● **DATA FOR THIS TASK**
####

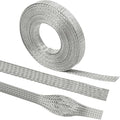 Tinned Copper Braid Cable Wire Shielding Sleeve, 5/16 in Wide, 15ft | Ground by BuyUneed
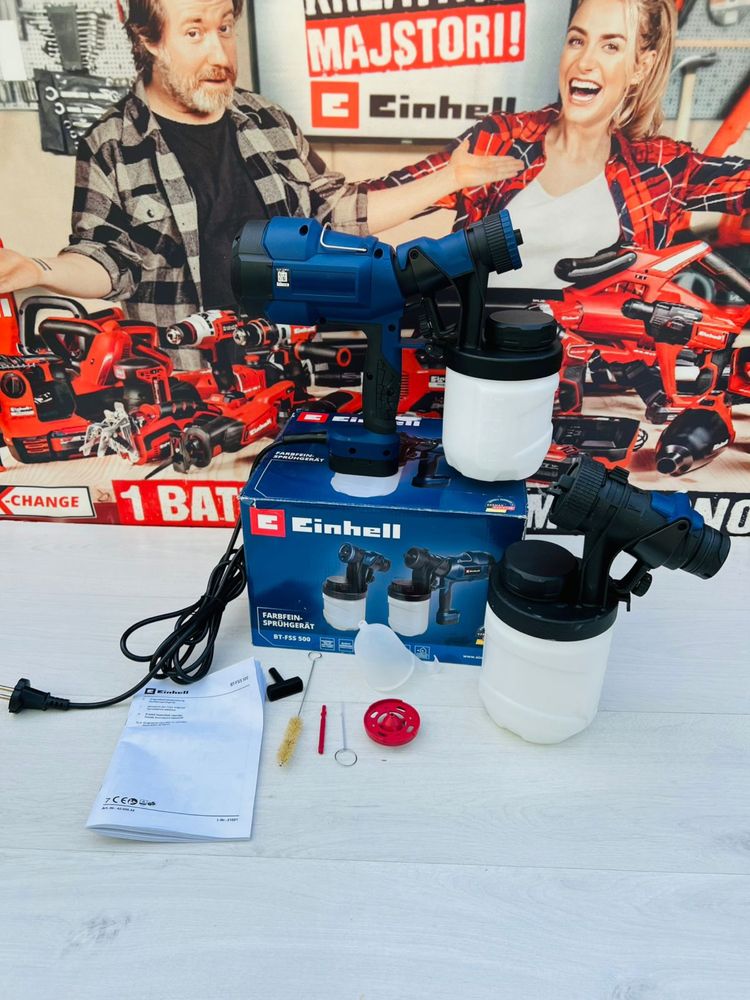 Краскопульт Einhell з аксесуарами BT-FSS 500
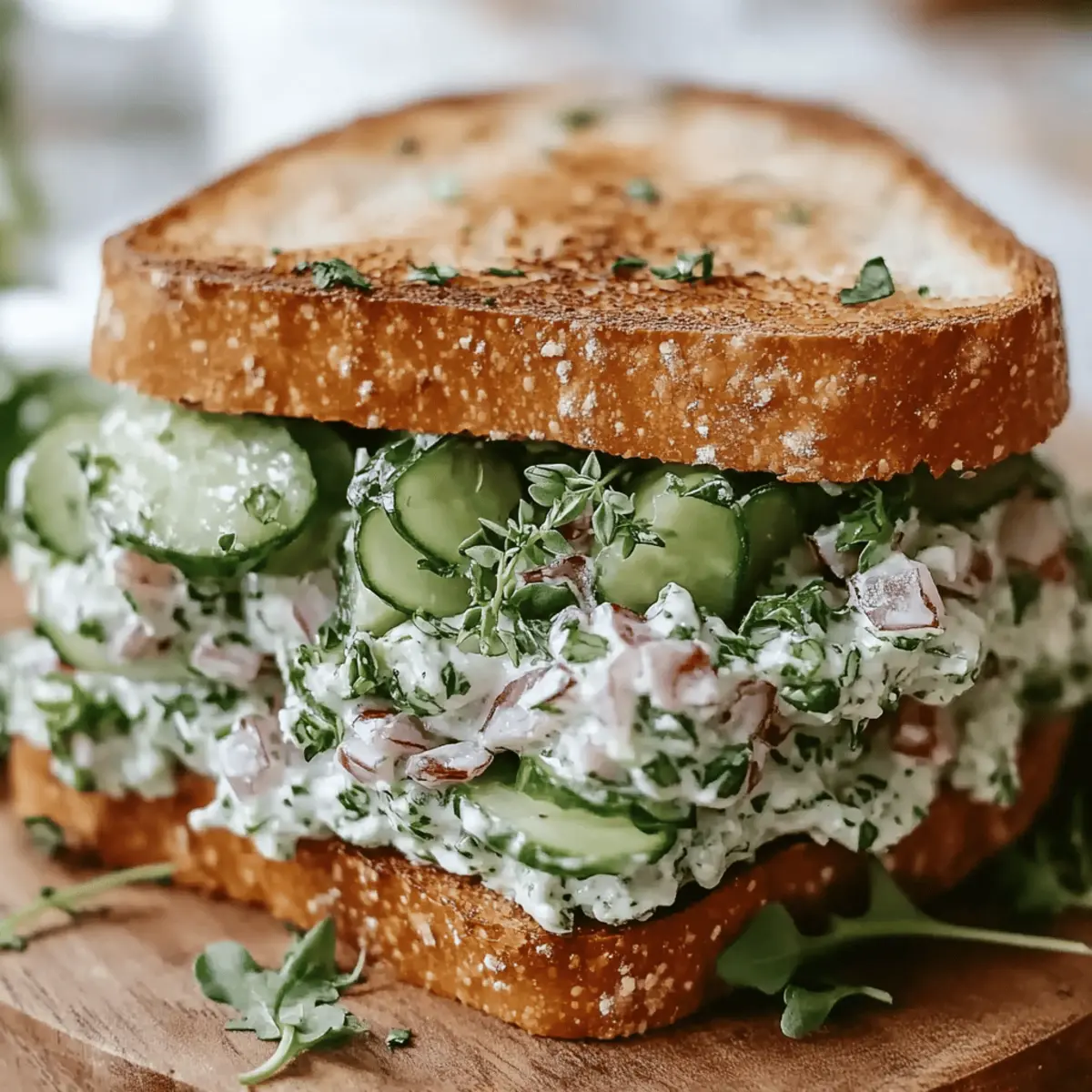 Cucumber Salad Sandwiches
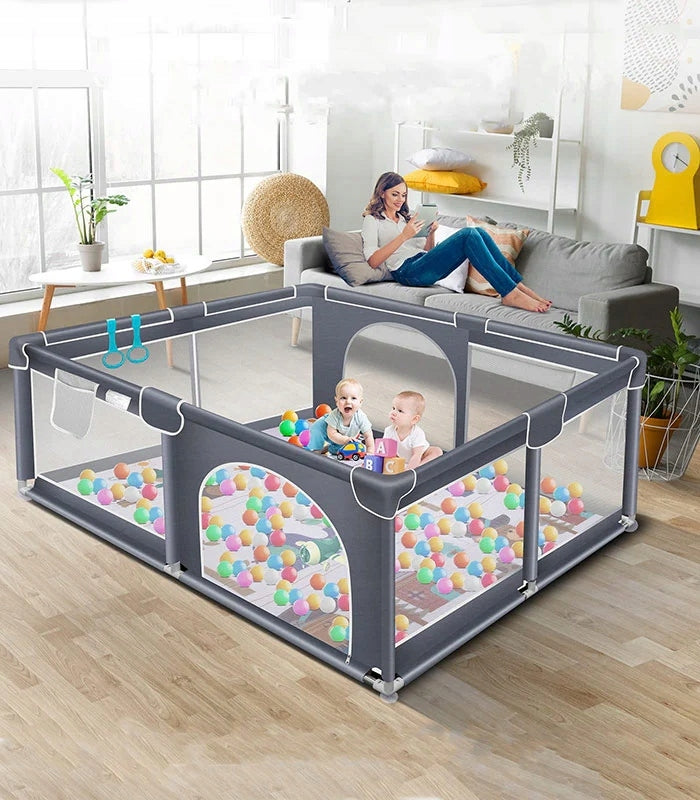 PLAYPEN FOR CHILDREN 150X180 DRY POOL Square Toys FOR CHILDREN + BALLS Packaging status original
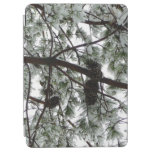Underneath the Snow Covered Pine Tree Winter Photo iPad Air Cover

####

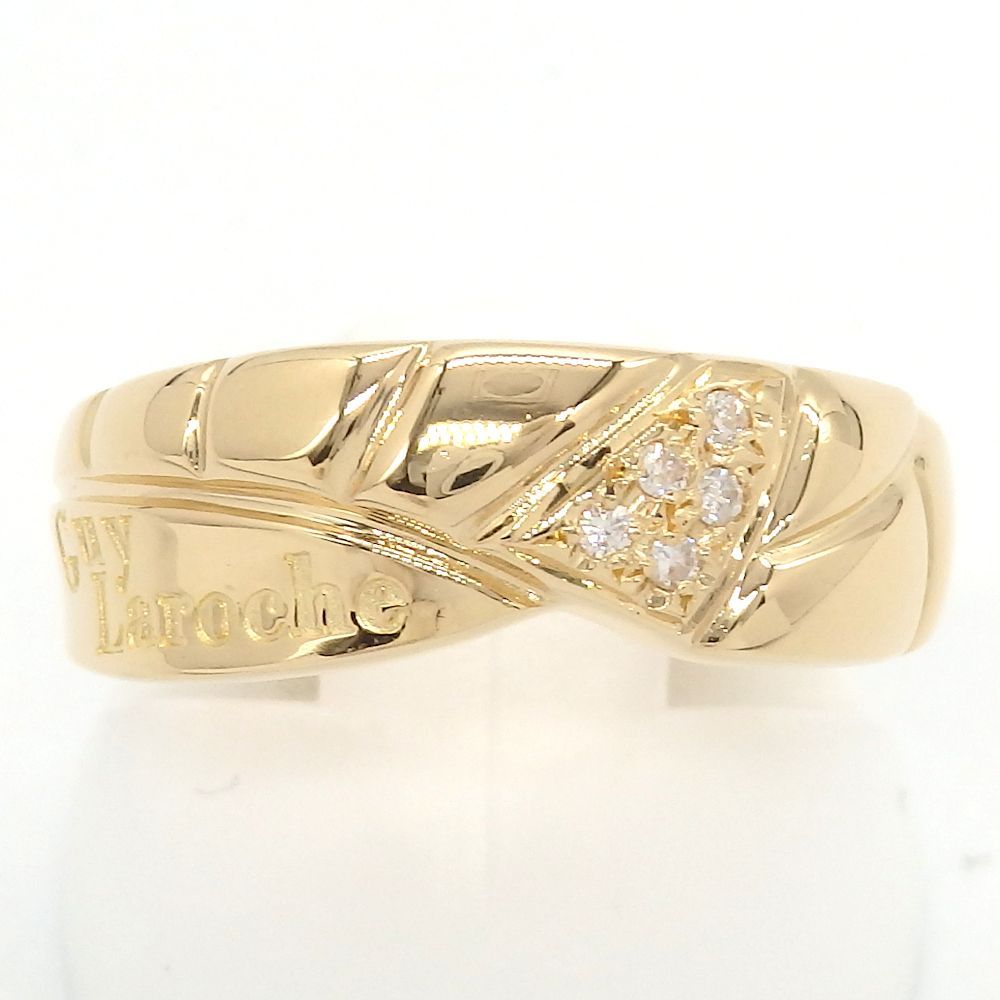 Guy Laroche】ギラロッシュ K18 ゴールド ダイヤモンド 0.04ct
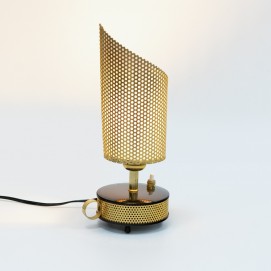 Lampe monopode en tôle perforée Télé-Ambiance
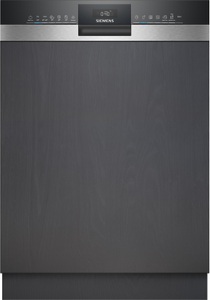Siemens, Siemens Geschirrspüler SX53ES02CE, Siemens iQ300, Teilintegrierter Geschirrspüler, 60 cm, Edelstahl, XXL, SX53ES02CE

####

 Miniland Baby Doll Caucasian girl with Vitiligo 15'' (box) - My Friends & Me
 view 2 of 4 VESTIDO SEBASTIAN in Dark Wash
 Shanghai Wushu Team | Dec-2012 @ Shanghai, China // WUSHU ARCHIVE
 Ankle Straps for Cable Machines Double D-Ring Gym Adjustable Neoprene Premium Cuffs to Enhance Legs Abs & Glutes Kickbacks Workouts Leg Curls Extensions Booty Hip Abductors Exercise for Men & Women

####

Every line above from the one with "Tinned Copper Braid" down to the one with "Underneath the Snow" must be written out exactly, and no picture may appear.

● **TASK RESULT**
 Tinned Copper Braid Cable Wire Shielding Sleeve, 5/16 in Wide, 15ft | Ground by BuyUneed
 Краскопульт Einhell з аксесуарами BT-FSS 500
 Cucumber Salad Sandwiches
 PLAYPEN FOR CHILDREN 150X180 DRY POOL Square Toys FOR CHILDREN + BALLS Packaging status original
Underneath the Snow Covered Pine Tree Winter Photo iPad Air Cover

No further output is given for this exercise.